### Goal of the exercise
Range to copy from the entries below: the line containing "Claire | Draped Asymmetric Mid-Length Dress" through the line containing "BLACK SAND TINT RIP & REPAIR JEANS", inclusive. Retype only those lines, exactly, without any images.

### Input for this task
★ ★ ★ ★ ★ ★ ★

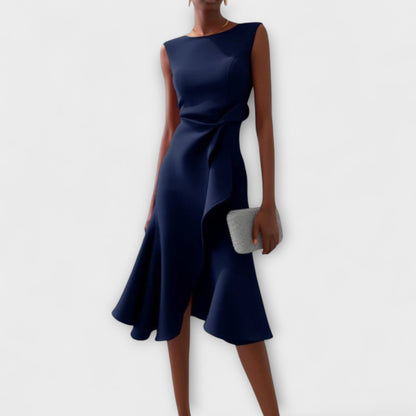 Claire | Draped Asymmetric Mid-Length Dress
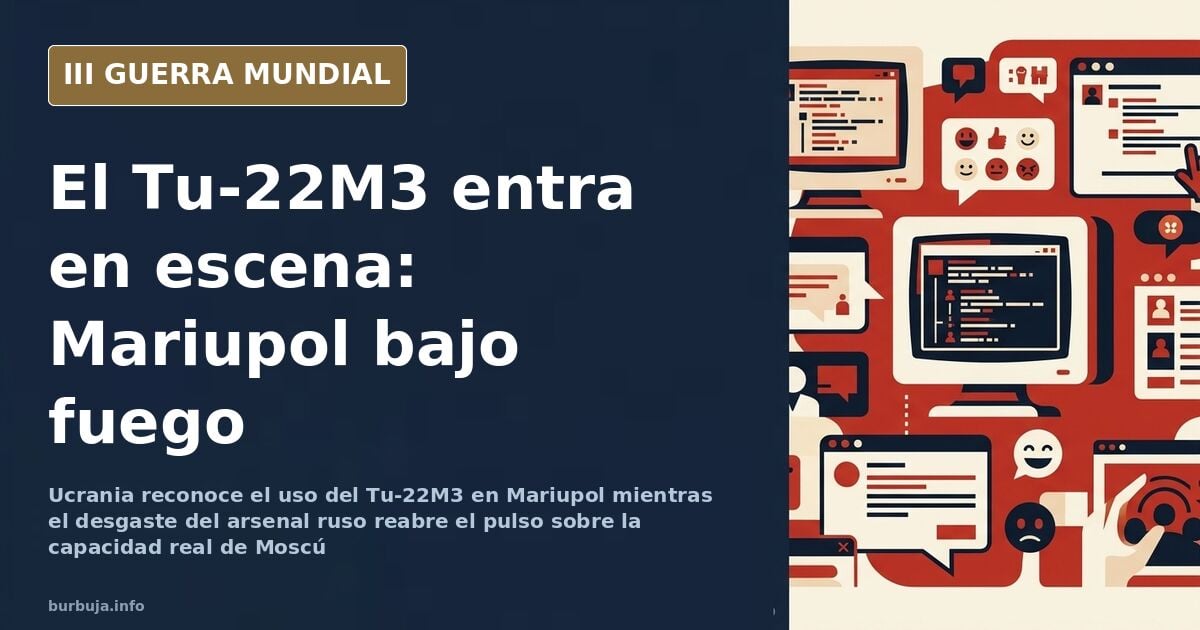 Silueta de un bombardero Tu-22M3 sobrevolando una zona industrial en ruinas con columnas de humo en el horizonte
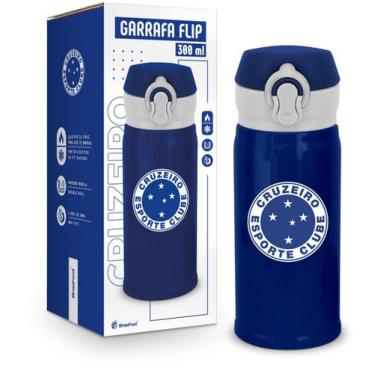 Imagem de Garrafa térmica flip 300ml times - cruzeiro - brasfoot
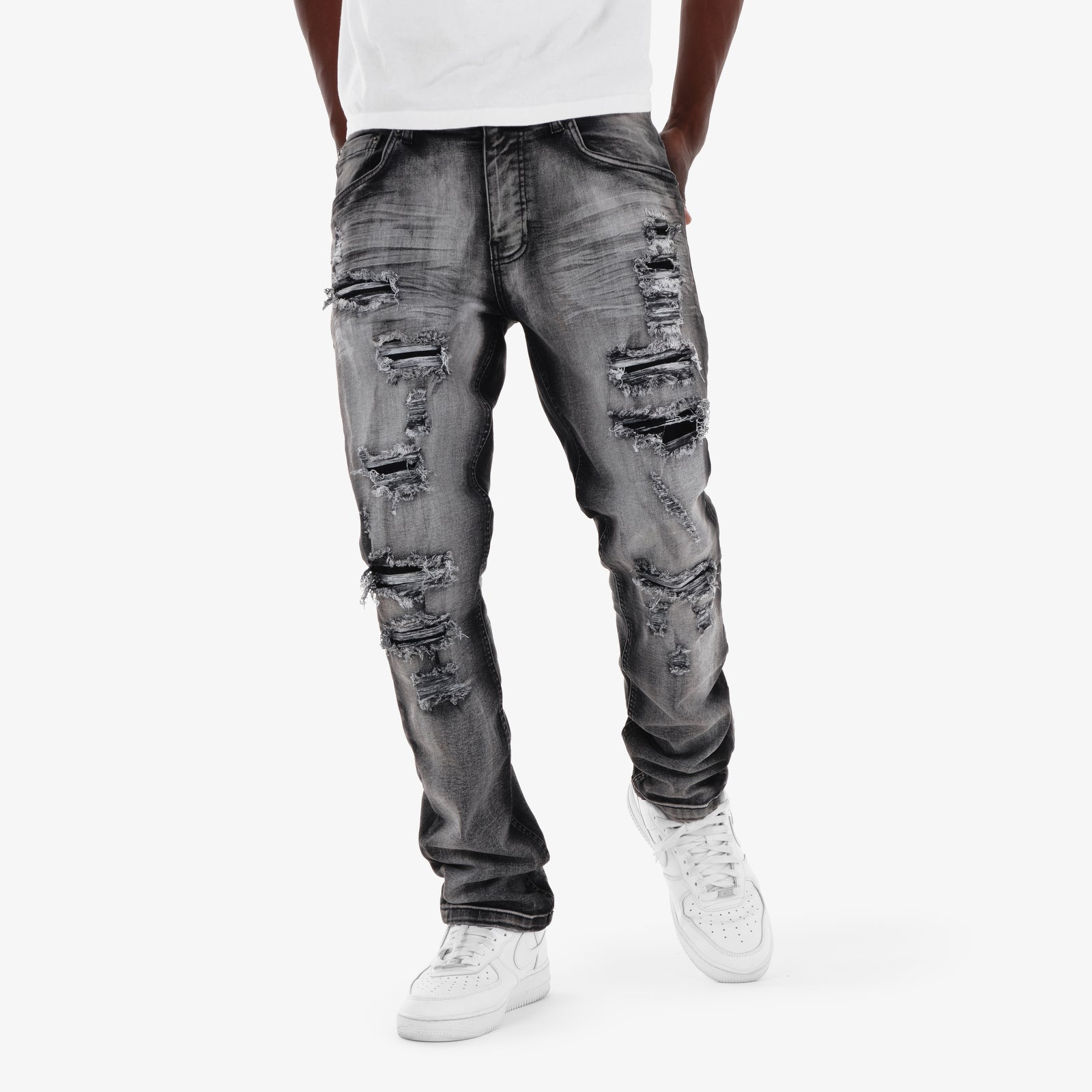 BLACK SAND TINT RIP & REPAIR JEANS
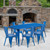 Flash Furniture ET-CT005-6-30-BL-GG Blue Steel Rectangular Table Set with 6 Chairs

★ ★ ★ ★ ★ ★ ★

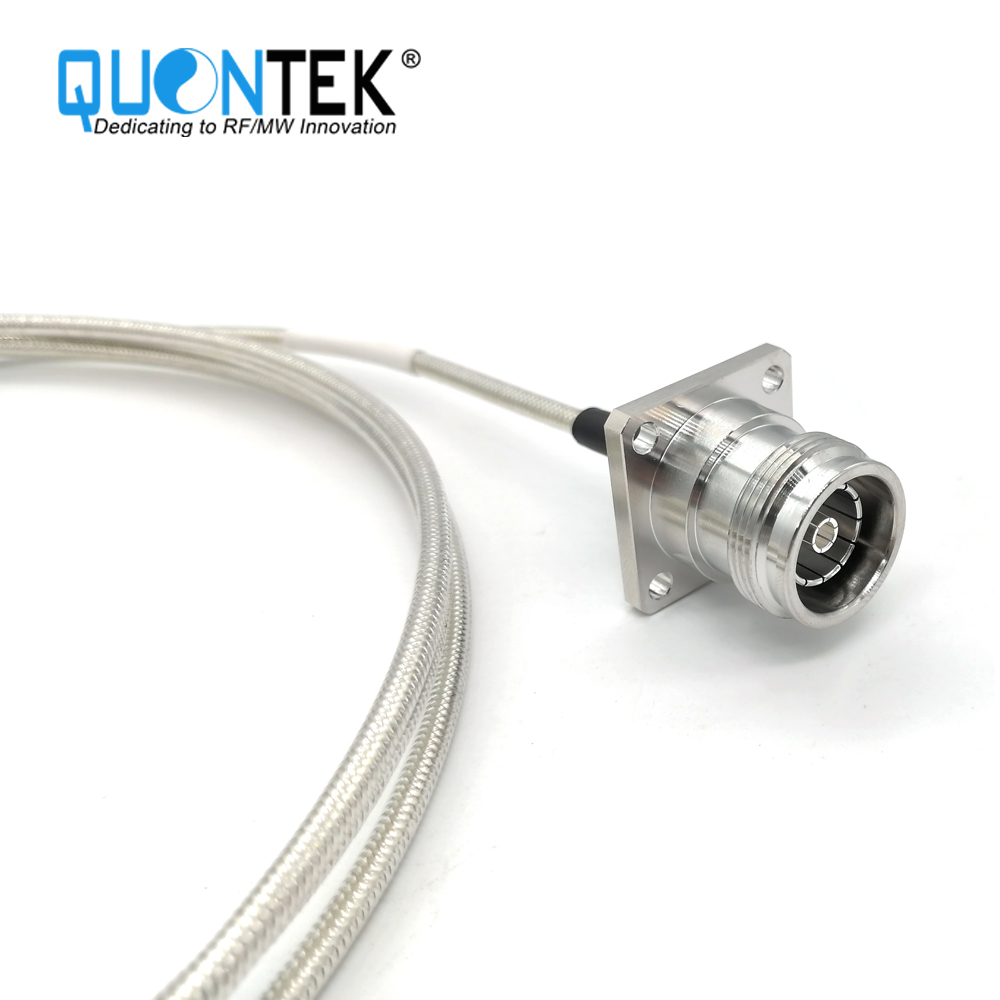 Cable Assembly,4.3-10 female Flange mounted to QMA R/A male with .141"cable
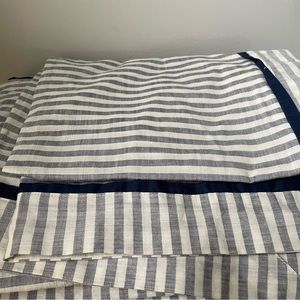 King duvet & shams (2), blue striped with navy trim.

★ ★ ★ ★ ★ ★ ★

### Task answer
 Claire | Draped Asymmetric Mid-Length Dress
 Silueta de un bombardero Tu-22M3 sobrevolando una zona industrial en ruinas con columnas de humo en el horizonte
 Imagem de Garrafa térmica flip 300ml times - cruzeiro - brasfoot
 BLACK SAND TINT RIP & REPAIR JEANS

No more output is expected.